#### Exercise details
Where the records below reach the line containing "715G3280-1B , ATV", start transcribing, and end with the line containing "Wisdom Patience GIF by The Cardinal Virtue", exactly and with nothing else added.

#### Task material
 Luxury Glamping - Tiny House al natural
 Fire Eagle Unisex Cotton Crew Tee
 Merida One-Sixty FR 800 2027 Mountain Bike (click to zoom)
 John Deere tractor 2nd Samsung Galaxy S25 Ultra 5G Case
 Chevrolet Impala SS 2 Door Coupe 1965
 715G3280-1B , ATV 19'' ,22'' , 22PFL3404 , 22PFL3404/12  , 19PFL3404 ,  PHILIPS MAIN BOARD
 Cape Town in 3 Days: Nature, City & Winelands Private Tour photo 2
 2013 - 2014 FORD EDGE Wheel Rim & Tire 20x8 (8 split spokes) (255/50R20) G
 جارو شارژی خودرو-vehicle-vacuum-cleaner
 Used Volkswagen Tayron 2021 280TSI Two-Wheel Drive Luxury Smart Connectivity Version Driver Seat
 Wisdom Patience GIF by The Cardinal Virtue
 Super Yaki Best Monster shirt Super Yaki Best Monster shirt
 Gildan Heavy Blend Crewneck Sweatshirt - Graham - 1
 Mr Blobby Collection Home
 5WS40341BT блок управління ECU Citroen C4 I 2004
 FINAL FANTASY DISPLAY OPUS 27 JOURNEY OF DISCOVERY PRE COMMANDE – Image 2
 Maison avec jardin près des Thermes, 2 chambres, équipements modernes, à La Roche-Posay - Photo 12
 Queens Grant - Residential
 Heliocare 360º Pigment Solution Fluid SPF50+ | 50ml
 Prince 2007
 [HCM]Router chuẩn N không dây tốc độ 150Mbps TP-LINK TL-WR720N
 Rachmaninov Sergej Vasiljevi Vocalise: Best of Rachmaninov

#### Solution
 715G3280-1B , ATV 19'' ,22'' , 22PFL3404 , 22PFL3404/12  , 19PFL3404 ,  PHILIPS MAIN BOARD
 Cape Town in 3 Days: Nature, City & Winelands Private Tour photo 2
 2013 - 2014 FORD EDGE Wheel Rim & Tire 20x8 (8 split spokes) (255/50R20) G
 جارو شارژی خودرو-vehicle-vacuum-cleaner
 Used Volkswagen Tayron 2021 280TSI Two-Wheel Drive Luxury Smart Connectivity Version Driver Seat
 Wisdom Patience GIF by The Cardinal Virtue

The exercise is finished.